Michael Bloomberg's short-lived presidential bid reignited a long-simmering dispute over the widespread use of nondisclosure agreements at American corporations — especially at his own.

His namesake company, Bloomberg LP, has used nondisclosure agreements broadly to conceal allegations and silence complaints from employees of sexual harassment or a hostile work environment, as published reports have documented.

The story of one Bloomberg reporter and his wife showcases the widespread use of such legal restraints at the company — and how far their reach can extend.

Six years ago, Bloomberg News killed an investigation into the wealth of Communist Party elites in China, fearful of repercussions by the Chinese government. The company successfully silenced the reporters involved. And it sought to keep the spouse of one of the reporters quiet, too.

"They assumed that because I was the wife of their employee, I was the wife," the author and journalist Leta Hong Fincher tells NPR. "I was just an appendage of their employee. I was not a human being."

Fincher is married to the journalist Mike Forsythe, a former Beijing correspondent for Bloomberg News who now works at The New York Times. In 2012, Forsythe was part of a Bloomberg team behind an award-winning investigation into the accumulation of wealth by China's ruling classes.

The Chinese ambassador warned Bloomberg executives against publishing the investigation. But Bloomberg News published the story anyway. Afterward, Forsythe received what he and Fincher considered death threats relayed through other journalists. He and Fincher moved their family to Hong Kong, believing it to be safer.

Even so, the reporting team pursued the next chapter, focusing on Chinese leaders' ties to the country's richest man, Wang Jianlin. Among those in the reporters' sights: the family of new Chinese President Xi Jinping. The story gained steam throughout 2013.

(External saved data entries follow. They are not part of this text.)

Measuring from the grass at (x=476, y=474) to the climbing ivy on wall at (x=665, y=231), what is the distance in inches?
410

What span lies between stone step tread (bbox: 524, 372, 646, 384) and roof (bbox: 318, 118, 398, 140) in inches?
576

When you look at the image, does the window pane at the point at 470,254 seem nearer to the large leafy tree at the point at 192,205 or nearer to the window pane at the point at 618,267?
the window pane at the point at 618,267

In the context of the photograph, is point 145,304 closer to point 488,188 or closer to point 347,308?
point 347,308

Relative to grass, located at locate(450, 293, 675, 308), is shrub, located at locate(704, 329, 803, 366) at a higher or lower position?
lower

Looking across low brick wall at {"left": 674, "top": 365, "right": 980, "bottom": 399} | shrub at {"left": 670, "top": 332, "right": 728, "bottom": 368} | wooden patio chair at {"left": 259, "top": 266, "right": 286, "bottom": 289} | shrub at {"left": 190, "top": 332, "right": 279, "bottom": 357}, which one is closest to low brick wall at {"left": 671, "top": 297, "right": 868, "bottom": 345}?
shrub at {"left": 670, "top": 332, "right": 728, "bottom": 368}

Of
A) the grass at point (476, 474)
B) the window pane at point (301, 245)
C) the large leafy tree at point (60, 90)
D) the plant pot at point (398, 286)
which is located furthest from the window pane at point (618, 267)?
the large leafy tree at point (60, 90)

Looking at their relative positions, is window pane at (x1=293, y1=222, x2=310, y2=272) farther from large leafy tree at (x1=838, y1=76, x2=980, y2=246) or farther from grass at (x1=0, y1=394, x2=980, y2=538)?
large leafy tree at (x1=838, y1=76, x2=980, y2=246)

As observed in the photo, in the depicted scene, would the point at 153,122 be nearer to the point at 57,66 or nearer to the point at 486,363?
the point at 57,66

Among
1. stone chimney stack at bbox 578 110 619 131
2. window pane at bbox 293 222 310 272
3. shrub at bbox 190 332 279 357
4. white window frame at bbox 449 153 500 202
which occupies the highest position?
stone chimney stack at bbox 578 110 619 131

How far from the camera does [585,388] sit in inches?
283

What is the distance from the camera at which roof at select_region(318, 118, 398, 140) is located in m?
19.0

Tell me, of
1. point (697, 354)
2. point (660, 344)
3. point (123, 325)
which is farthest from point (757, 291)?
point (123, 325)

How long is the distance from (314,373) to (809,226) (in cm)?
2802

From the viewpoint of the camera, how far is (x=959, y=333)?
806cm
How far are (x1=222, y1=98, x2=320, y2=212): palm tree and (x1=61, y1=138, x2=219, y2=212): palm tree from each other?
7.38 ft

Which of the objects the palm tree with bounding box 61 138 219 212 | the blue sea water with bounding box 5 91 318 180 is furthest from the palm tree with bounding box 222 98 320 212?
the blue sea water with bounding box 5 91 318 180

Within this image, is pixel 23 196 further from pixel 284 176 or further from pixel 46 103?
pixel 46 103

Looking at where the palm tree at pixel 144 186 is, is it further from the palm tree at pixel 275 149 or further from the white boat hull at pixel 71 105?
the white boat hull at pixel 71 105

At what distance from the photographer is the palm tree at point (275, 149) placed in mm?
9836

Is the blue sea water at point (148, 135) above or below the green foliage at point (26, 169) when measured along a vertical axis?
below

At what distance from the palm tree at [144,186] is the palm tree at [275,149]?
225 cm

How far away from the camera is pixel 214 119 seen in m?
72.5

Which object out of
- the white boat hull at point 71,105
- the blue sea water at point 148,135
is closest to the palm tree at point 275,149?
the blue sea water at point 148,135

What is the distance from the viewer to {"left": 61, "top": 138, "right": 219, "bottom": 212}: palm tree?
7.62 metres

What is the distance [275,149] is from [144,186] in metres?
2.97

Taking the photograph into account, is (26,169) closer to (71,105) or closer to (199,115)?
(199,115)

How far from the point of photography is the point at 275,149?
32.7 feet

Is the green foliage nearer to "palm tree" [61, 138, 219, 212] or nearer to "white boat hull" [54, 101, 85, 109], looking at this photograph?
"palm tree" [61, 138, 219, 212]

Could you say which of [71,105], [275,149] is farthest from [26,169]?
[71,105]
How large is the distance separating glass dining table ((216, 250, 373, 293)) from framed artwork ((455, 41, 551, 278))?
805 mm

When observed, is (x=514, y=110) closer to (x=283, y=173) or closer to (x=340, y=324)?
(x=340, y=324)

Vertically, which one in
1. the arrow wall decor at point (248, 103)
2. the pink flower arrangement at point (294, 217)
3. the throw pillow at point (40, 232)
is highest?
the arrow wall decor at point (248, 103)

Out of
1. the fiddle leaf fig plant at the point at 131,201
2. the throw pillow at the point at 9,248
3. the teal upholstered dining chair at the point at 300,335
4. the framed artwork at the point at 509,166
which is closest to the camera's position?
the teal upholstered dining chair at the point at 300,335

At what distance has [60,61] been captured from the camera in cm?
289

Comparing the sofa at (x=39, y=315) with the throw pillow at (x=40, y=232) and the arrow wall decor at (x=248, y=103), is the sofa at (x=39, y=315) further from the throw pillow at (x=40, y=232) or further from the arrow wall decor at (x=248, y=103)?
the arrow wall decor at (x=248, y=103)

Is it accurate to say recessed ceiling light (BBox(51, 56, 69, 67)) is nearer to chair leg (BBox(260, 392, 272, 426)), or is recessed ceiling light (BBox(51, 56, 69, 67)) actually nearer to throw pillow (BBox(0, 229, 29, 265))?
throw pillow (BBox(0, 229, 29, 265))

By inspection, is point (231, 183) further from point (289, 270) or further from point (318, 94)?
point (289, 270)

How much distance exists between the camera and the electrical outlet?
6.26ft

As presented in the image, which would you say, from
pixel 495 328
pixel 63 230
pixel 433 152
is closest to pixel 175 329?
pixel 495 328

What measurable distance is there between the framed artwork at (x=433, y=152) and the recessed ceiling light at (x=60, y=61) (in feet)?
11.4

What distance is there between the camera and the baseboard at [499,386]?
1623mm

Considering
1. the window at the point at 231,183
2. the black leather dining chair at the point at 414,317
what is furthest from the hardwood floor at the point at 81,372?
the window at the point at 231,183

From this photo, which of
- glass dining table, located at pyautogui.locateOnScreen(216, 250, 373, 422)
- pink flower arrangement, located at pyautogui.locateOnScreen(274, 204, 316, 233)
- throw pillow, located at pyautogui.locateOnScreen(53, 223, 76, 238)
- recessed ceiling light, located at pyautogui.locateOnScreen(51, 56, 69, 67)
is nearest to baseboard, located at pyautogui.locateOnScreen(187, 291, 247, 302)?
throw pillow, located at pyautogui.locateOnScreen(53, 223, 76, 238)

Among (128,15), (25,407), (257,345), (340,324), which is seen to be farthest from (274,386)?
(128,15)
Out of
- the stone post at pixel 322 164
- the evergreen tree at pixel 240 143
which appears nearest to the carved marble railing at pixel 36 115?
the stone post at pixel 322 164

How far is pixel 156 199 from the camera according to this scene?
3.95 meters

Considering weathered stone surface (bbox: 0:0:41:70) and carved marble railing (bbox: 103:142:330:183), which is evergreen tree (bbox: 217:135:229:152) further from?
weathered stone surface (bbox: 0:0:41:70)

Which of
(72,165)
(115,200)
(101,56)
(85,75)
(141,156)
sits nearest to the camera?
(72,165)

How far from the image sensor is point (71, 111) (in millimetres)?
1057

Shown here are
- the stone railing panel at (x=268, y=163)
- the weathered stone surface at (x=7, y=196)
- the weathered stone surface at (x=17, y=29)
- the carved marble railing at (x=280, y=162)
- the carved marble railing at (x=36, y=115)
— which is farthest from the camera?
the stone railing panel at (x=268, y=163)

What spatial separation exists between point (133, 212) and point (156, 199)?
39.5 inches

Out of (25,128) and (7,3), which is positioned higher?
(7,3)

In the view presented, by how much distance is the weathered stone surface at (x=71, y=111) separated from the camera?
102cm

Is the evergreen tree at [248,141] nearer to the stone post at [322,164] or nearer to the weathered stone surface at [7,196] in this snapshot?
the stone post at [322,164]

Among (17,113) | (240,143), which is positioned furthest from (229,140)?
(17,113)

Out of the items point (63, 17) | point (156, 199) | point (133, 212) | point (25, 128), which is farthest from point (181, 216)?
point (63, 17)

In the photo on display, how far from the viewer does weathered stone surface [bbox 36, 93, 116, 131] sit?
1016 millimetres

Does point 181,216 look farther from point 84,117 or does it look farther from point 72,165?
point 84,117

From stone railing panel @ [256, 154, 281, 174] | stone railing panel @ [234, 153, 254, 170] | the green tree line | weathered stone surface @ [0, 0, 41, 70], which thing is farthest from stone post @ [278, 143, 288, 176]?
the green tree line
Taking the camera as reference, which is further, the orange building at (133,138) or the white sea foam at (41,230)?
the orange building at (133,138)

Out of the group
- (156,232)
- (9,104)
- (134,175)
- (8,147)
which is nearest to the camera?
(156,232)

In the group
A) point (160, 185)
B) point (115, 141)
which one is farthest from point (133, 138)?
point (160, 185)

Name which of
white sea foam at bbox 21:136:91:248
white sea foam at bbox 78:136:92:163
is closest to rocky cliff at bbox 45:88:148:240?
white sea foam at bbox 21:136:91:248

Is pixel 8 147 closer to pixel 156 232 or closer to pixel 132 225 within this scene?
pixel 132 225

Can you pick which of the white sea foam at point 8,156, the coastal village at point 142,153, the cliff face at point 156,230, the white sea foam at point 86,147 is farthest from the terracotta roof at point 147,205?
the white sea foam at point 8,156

In emails sent back to Bloomberg's journalists in China seen by Fincher, senior news editors in New York City expressed excitement.

And then: radio silence from headquarters. That story never ran.

"Mike and some of the other reporters and editors who had been working on this story just were asking for answers about ... why was this story killed?" Fincher says.

Winkler fears China will "shut us down"

Finally, in late October 2013, Bloomberg's famously intense founding editor-in-chief, Matthew Winkler, weighed in, via a private conference call. In attendance: senior news executives in New York and the China-based investigative team. NPR has obtained audio of Winkler's remarks on the call.

"It is for sure going to, you know, invite the Communist Party to, you know, completely shut us down and kick us out of the country," Winkler said. "So, I just don't see that as a story that is justified."

He expressed great apprehension because of the potential consequences of publishing another investigation. In this case, it was one that would itemize the links between top Chinese Communist Party leaders and the country's wealthiest man.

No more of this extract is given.